Destinée au grand public, dans l'espoir d'y semer les graines d'une culture entrepreneuriale, la campagne présente des capsules vidéo où des entrepreneurs racontent quand et comment ils ont eu leur «déclic». Parmi ces modèles, LP Maurice de Busbud, ainsi que Jonathan Bourgeois et Sébastien Moquin de Ski Racoon. L'initiative vise d'ailleurs à «créer le déclic qui suscitera de nouvelles vocations entrepreneuriales», explique Michael Sabia, président et chef de la direction de la CDPQ, dans le communiqué de lancement.
Un bottin de ressources mis au point avec Info entrepreneurs permettra aux créateurs d'entreprises de s'y retrouver parmi les multiples programmes d'aide et de trouver celui dont ils ont besoin. Des séances de clavardage avec des entrepreneurs établis sont aussi prévues, une initiative en phase avec le besoin d'accompagnement des jeunes entrepreneurs.
Enfin, la plateforme Web ciblera aussi les écoliers par l'intermédiaire de leurs professeurs, qui disposeront d'une boîte à outils élaborée sur mesure pour les niveaux primaire et secondaire.
Déficit d'image
La CDPQ, à l'origine de cette initiative, n'a eu aucun mal à convaincre la BN et Desjardins de s'asseoir à la même table, assure Michèle Boisvert : «C'était tout naturel, car l'entrepreneuriat est une priorité commune».

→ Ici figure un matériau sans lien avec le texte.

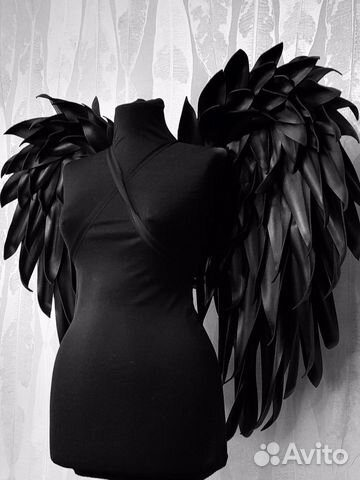 Крылья ангела черные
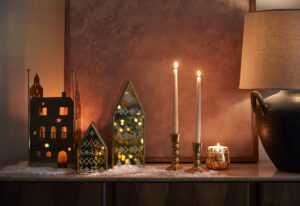 Pinterest x Anthropologie_HolidayHouse_Oct 2023_figurine scene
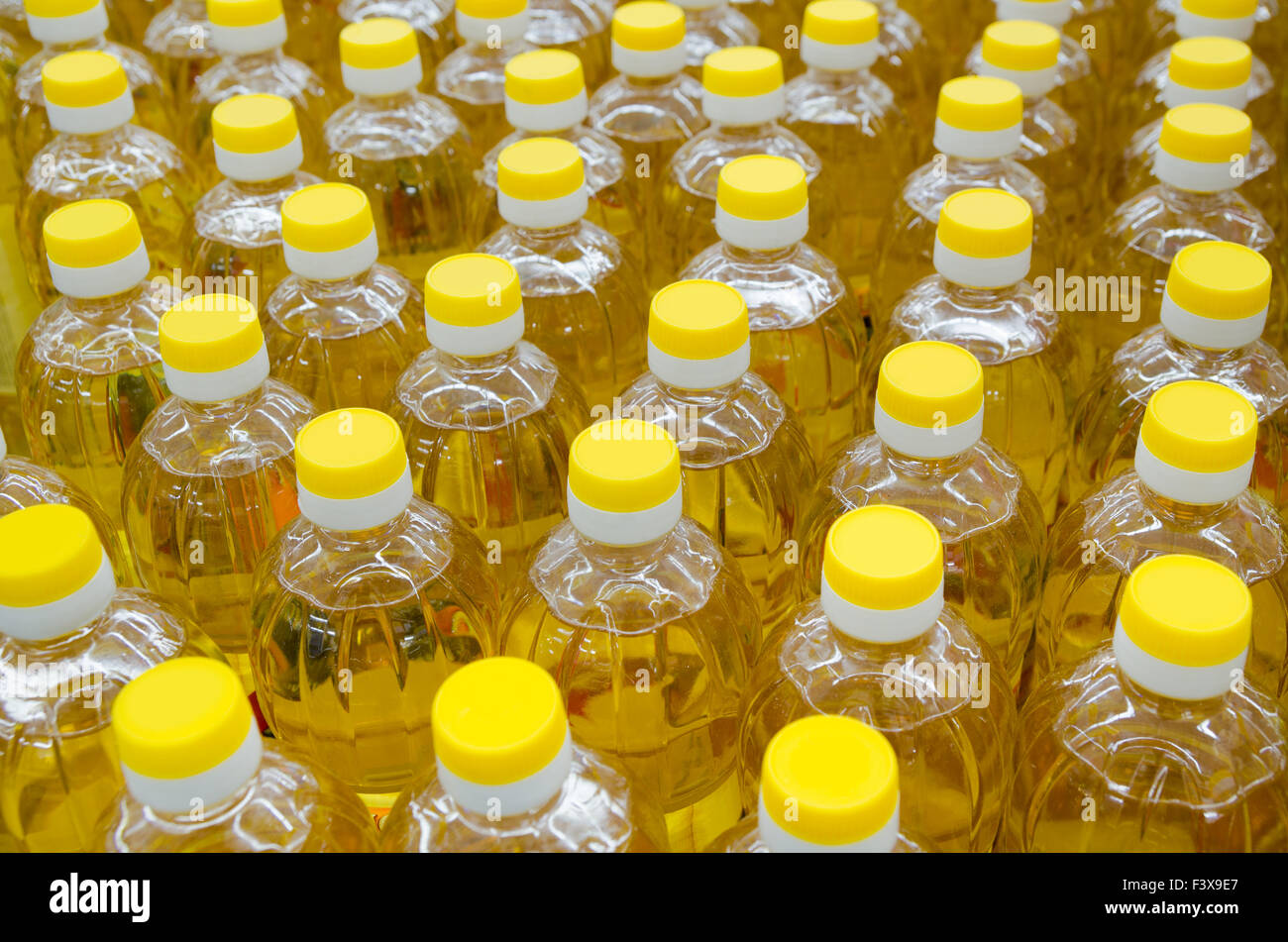 much vegetable oil Stock Photo Alamy
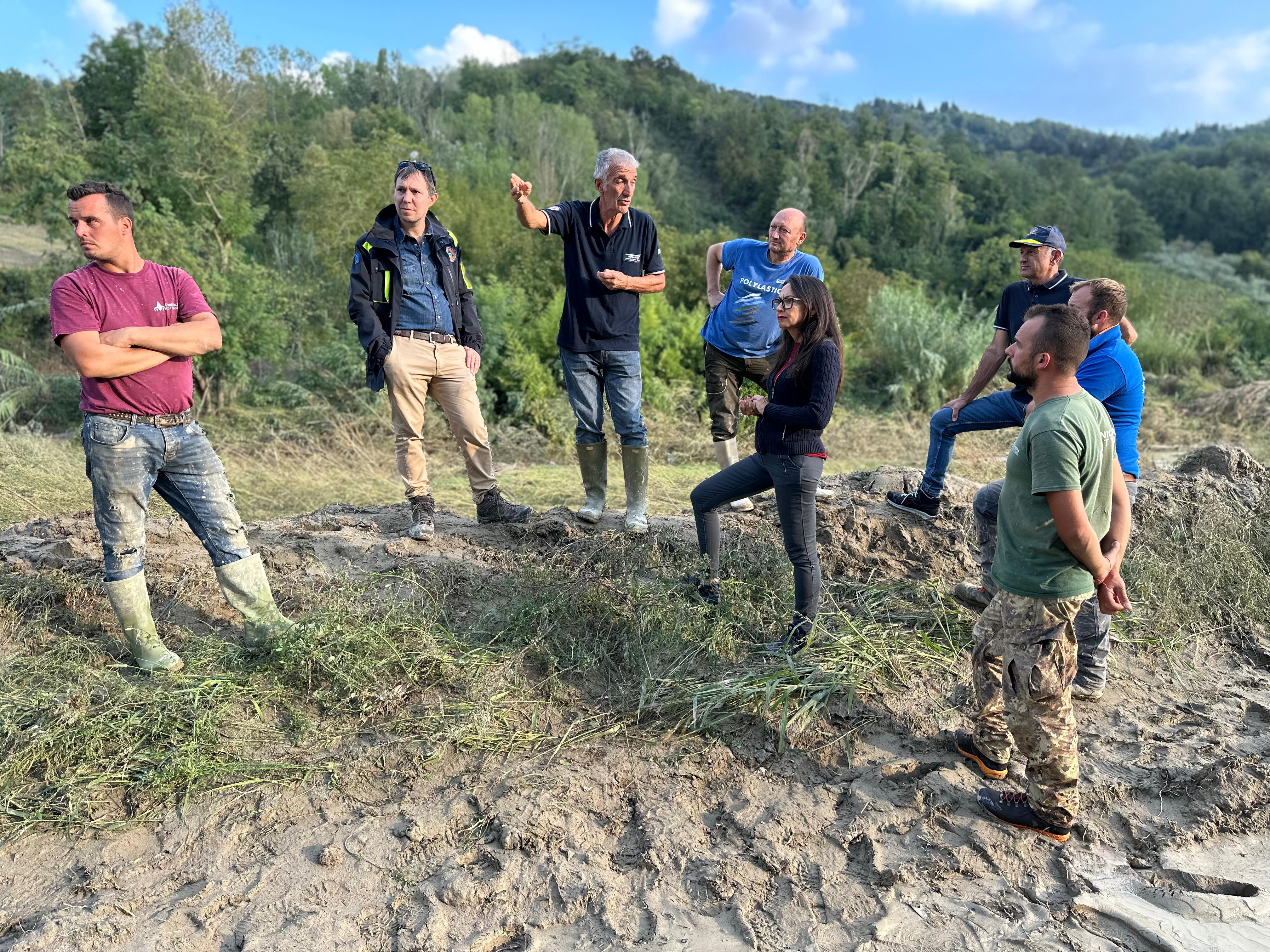 La presidente Priolo con il sindaco Billi e gli abitanti dell'area agricola di via Colombarina a  Castrocaro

Pourquoi les trois partenaires jugent-ils que le Québec a besoin de renforcer sa culture entrepreneuriale ? D'une part, parce que des milliers d'entreprises se chercheront bientôt un nouveau propriétaire (100 000 d'ici 10 ans, selon eux). Et d'autre part, parce que face à ce défi de relève, le Québec est mal équipé, et compte moins d'aspirants entrepreneurs que le reste du Canada (19,1 % des Québécois avaient l'intention d'entreprendre en 2014, par rapport à 27,1 % des Canadiens, selon la Fondation de l'entrepreneurship).
Fait encourageant, les 18 à 34 ans sont de plus en plus nombreux à vouloir se lancer : 36,6 % selon l'Indice entrepreneurial 2015 de la Fondation. Ils tirent la moyenne des intentions d'entreprendre vers le haut, à 20,1 %.
Toujours selon l'Indice, l'entrepreneuriat est un choix de carrière désirable pour 67,4 % des Québécois, tandis que seulement 46,9 % des répondants jugent que les entrepreneurs sont généralement honnêtes.
La hausse de la notoriété de l'entrepreneuriat dans la population fait d'ailleurs partie des critères de succès de la campagne. Un sondage a été réalisé par Léger avant le lancement et sera répété au terme des cinq semaines de visibilité à la télévision. Pour sa plateforme Web, la CDPQ compte «à tout le moins avoir le même nombre de visites» que le site du Conseil du patronat du Québec, selon Mme Boisvert.
Processus de consultation
«Devenir entrepreneur» est la première étape d'une série d'initiatives qui seront dévoilées au cours des prochains mois, promet la CDPQ, et résulte d'une consultation menée par l'organisme auprès d'une quarantaine d'entrepreneurs à l'hiver 2014.
«On recommence le processus [de consultation] pour la croissance des entreprises, de petite à moyenne et de moyenne à grande. On va procéder de la même façon, en réunissant d'autres entrepreneurs», explique Michèle Boisvert, qui admet avec un sourire qu'elle espère que le processus aboutira à des actions concrètes plus rapidement cette fois.
Enfin, un troisième et dernier volet sur le transfert d'entreprises est déjà planifié.